§ What you need to do: Could you print the stretch of lines below from the one with "Portal Katrol Silayur" through the one with "Kids size 3", exactly as they stand and without any pictures?

§ Information provided:
+ + + +
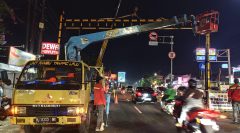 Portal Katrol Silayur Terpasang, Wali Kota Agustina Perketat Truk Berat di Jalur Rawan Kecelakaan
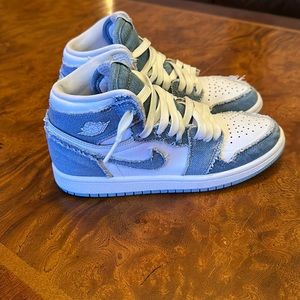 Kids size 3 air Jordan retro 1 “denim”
+ + + +
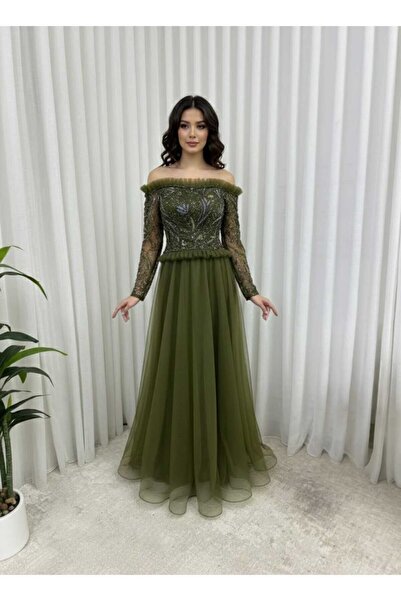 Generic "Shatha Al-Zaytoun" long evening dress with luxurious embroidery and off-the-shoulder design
+ + + +
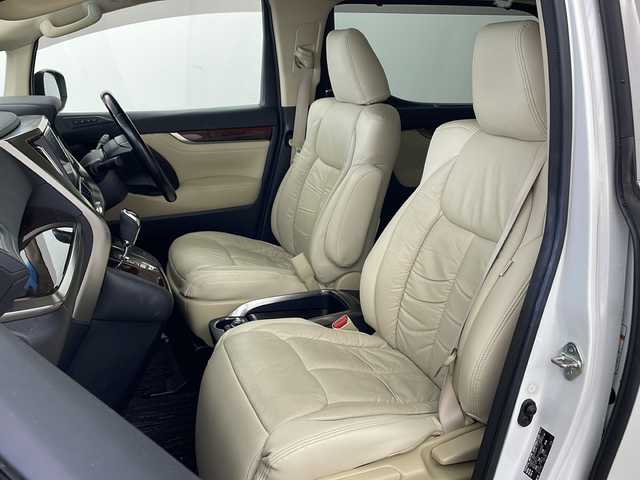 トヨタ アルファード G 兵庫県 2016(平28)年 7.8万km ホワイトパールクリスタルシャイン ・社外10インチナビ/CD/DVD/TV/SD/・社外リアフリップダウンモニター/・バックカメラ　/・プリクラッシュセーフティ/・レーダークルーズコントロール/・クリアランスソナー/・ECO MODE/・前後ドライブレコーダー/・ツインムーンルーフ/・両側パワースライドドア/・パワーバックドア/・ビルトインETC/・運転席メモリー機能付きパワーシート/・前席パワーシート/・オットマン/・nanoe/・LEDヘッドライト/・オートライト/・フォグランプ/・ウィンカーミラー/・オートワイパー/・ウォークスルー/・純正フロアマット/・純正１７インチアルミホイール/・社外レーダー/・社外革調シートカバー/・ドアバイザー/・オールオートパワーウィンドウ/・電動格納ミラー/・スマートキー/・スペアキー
+ + + +
§ Written response:
 Portal Katrol Silayur Terpasang, Wali Kota Agustina Perketat Truk Berat di Jalur Rawan Kecelakaan
 Kids size 3 air Jordan retro 1 “denim”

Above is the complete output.